With volume surpassing 364 million, Thursday was the heaviest day of Facebook trading since its much criticized IPO, where 581 million shares changed hands.
Leading the gains was its surprising earnings beat in the second quarter, which triggered a slew of price target increases and a few upgrades on Thursday. Evercore (NYSE:EVR), which upped Facebook’s rating to “overweight,” pointed to its better-than-expected 53% rise in sales.
Investors cheered Facebook’s robust advertising revenue as ad pricing increased 40% in the U.S., a reflection of simpler ad offerings, which Facebook earlier this year pledged to streamline. It also saw stronger market demand for its popular News Feed targeted ads as local advertisers ramped up their spending. Overall, ad revenues grew 61% year-over-year, beating the consensus view of 40%, while mobile ad revenue expanded to 41% of total ad sales.
“The fact that the beat was driven entirely by advertising revenue makes the outperformance even more compelling,” Goldman Sachs (NYSE:GS) analyst Heather Bellini said in a note. Goldman raised its price target to $46 from $40 and reiterated its “buy’ rating on the stock.
Evercore analyst Ken Sena said the underlying metrics support the view that a positive ad pricing inflection occurred during the quarter, pointing to “further upside” for Facebook shares. The social network sees those numbers improving through the remainder of the year.
While challenges linger, notably whether Facebook will be able to maintain the rapid growth of its ad revenue, video, which it introduced in the second quarter through Instagram, represents a potential untapped sweet spot.
Facebook made just one mention of the new Instagram Video service in its earnings report released late Wednesday, reiterating that it saw 5 million video uploads in the first 24 hours of the launch.
However, Spruce Media CEO Rob Jewell said the social network continues to shop around an ad offering that some reports have pegged at as high as $1 million a spot.
“They are very large spots – several hundred thousand up to a million,” he said, citing talks with ad agencies. Facebook has not confirmed that it is shopping around an ad offering for video and would not comment on Wednesday.

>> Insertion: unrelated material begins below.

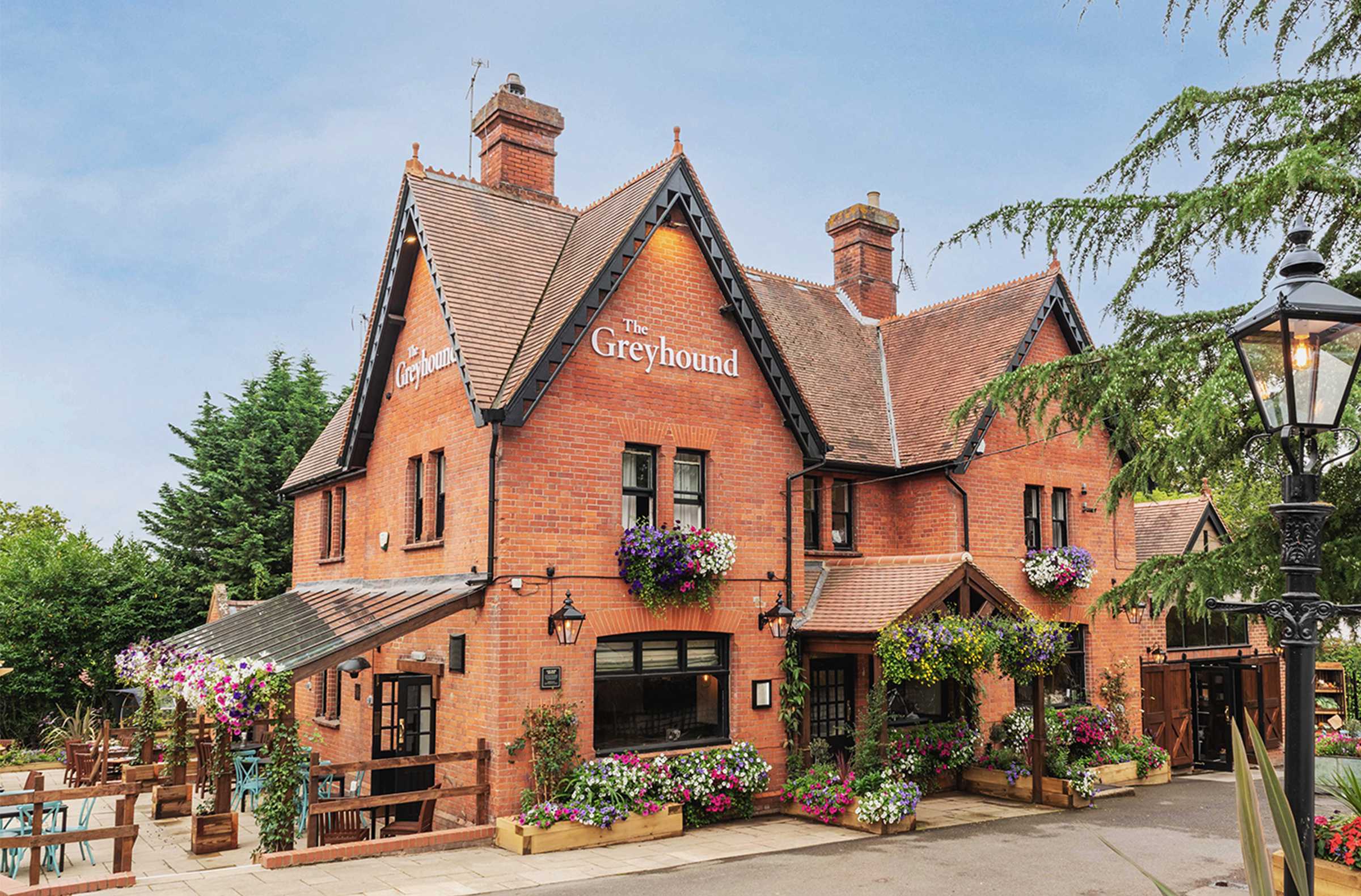 The Greyhound pub exterior with flowers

Jewell said talks with agencies seem to indicate that Facebook is serious about pushing the offering out. He also said the high price makes sense, as it represents the first equivalent to primetime television ever offered online given Facebook’s massive monthly active user base of 1.5 billion.

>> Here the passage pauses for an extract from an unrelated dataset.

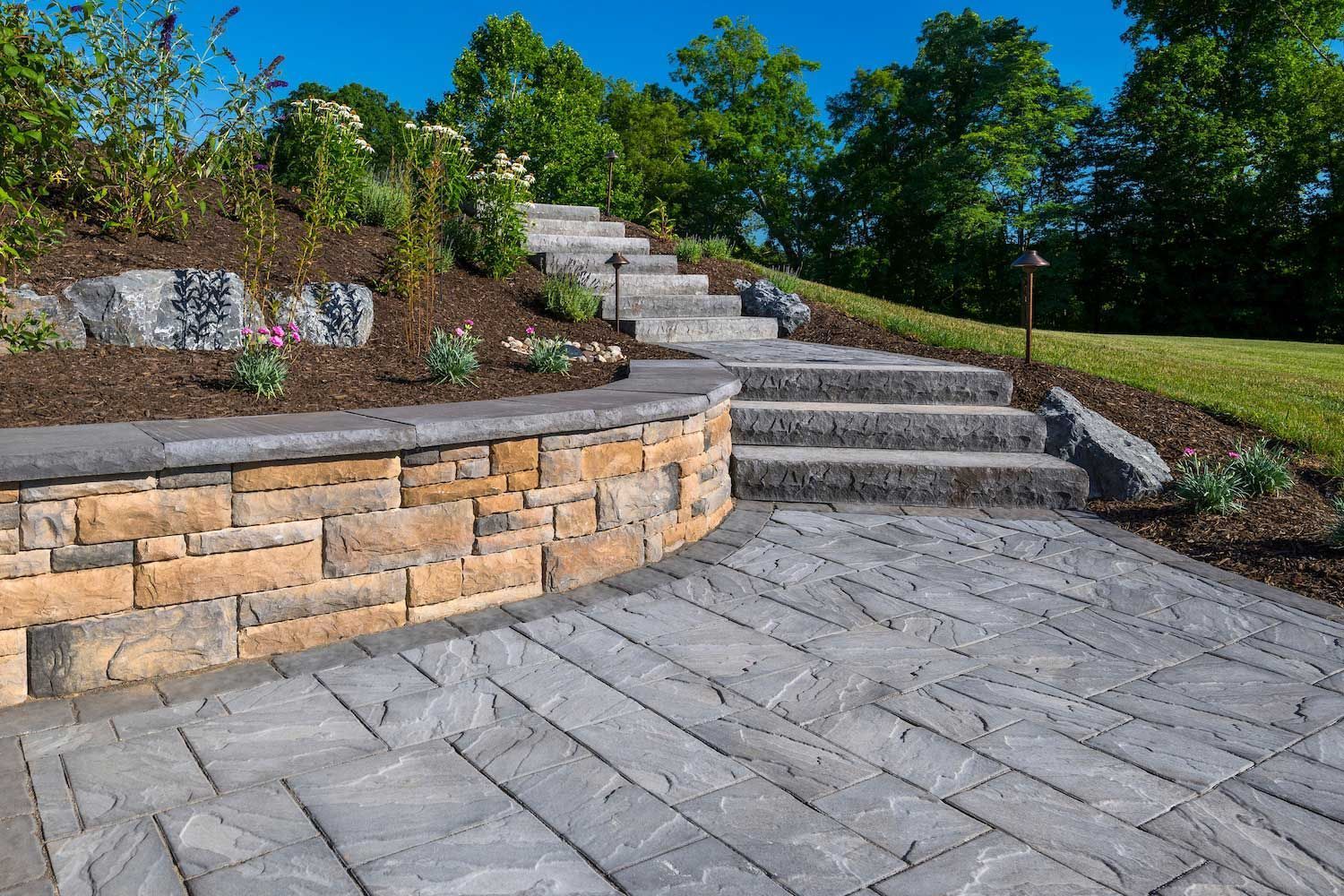 A stone wall with stairs leading up to it in a garden.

“For the first time these agencies used to buying these spots on prime time TV can easily reach that [same audience level] on Facebook,” Jewell said.
Answering a request for comment about video, Facebook pointed to its Instagram for Business blog, where it boasts a series of posts about how businesses are using its service, including at a recent concert that celebrated the 25th anniversary of Essence Magazine.
Instagram also this month began allowing users to embed videos to other platforms online, however both services for now remain free and ad-free for users.
The Bottom Line
Ultimately, Facebook is looking to drive as many ad dollars as possible without losing users.
“The first challenge is to find a way to get people to click on the ads, but ultimately those clicks need to run into revenue,” said Marc Poirier, co-founder of Acquisio.
Customer data from Spruce Media, an ad manager for the Facebook platform, shows a decline in click-through rates (CTR) in the second quarter, or the percentage of clicks advertisers receive per total ad impressions. CTR slumped 30% in three out of four ad placements, while engagement rates across “likes,” “comments” and “shares” declined by an average 47%.
The untapped video market, Jewell said, would be a game changer.